Son originalité est d’avoir su relier le gospel au blues et au jazz puisqu’elle se lança un temps dans une carrière profane, débutant au Cotton Club avec Cab Calloway, ou sur la scène de l’Apollo de Harlem où elle introduisit des chants sacrés. Elle rejoint un temps l’orchestre de Count Basie et tourne aux côtés de Benny Goodman! Elle accompagne son chant d’un jeu de guitare mordant, très rythmique et à la sonorité presque rock and roll avant la lettre. En 1939, le magazine Life titre “la chanteuse qui swingue les mêmes chansons à l’église et au cabaret”.

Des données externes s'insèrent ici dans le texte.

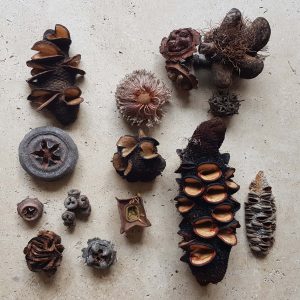 Selection of Banksia pods from around Australia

Sister Rosetta Tharpe - Lonesome Road (1941) | Soundie - YouTube
Elle parvient en effet à swinguer le gospel mettant à profit son expérience sur la scène jazz. Elle devient très vite la première vedette du disque de gospel et enregistrera pour Decca, Verve, Mercury, connaissant une célébrité nationale.
Bien que créatrice d’une nouvelle expression vocale populaire, issue de ce double apport religieux et profane “a secular gospel music”, elle sera obligée d'abandonner sa carrière profane mais elle réussit cependant à garder son autonomie de holly roller singer et parvient à ne pas changer son style bluesy et swingant. Au sommet de sa gloire entre 47 et 51, l’âge d’or du gospel, elle tourne avec son quartet de Rosettes dans le sud ségrégationniste avec un chauffeur blanc pour contrer les lois Jim Crow ( on se croirait dans le film Green Book). Ambassadrice du gospel en Europe, elle vit une aventure triomphale et en France, chante même en première partie de Trenet en 1958! Son influence sur les chanteurs de rock des années cinquante (blancs et noirs ) et sur la génération des groupes de rock britanniques des années soixante, passionnés de blues, explique sa réputation de “marraine du rock and roll”.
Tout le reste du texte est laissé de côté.